◆ Task instructions ◆
Return the data below exactly as given, except for the images.

◆ Dataset content ◆
——————
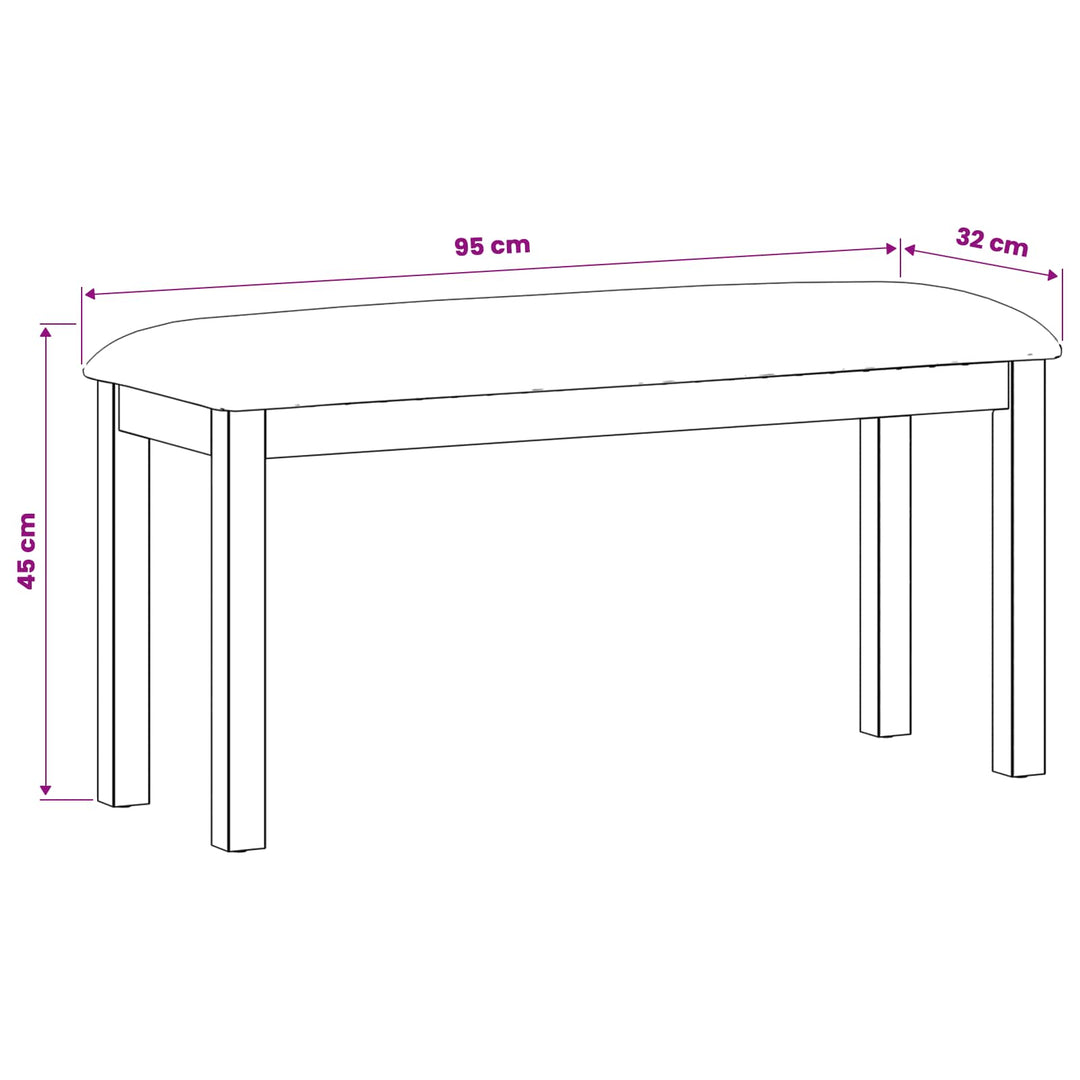 Spisebænk 95 x 32 x 45 cm Massivt Eg Træ Grå
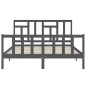 vidaXL Estructura de cama matrimonio con cabecero madera maciza gris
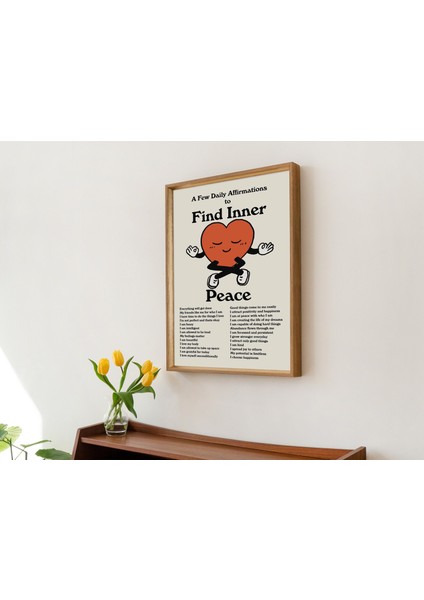 Günlük Olumlamalar Duvar Baskısı, Retro Meditasyon Illüstrasyonu, Sevimli Tipografik Poster fırsatları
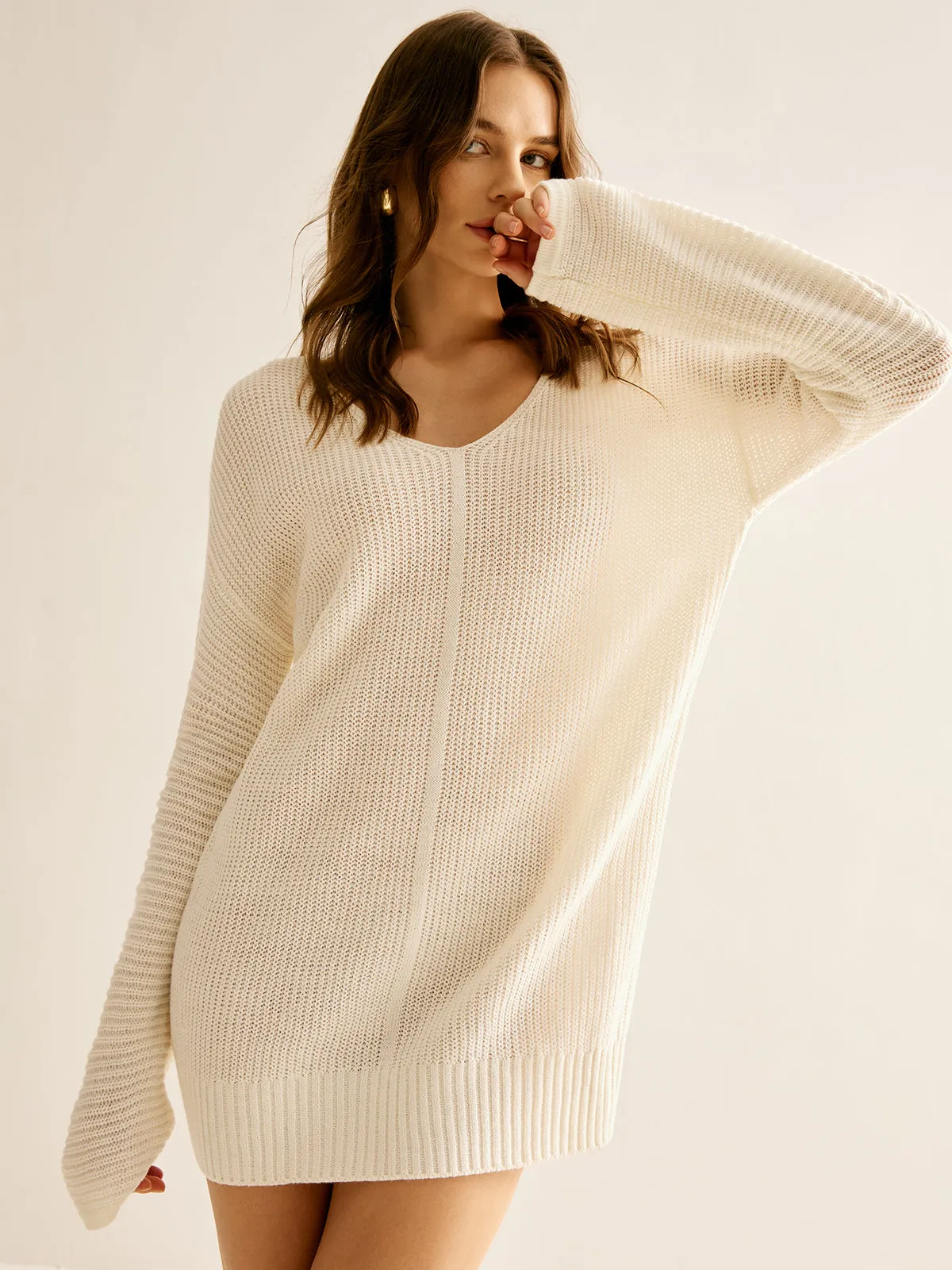 Wool-Blend V-Neck Sweater Dress Without Belt sold by COMMENSE product image thumbnail 4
——————
◆ Answer section ◆
 Spisebænk 95 x 32 x 45 cm Massivt Eg Træ Grå
 vidaXL Estructura de cama matrimonio con cabecero madera maciza gris
 Günlük Olumlamalar Duvar Baskısı, Retro Meditasyon Illüstrasyonu, Sevimli Tipografik Poster fırsatları
 Wool-Blend V-Neck Sweater Dress Without Belt sold by COMMENSE product image thumbnail 4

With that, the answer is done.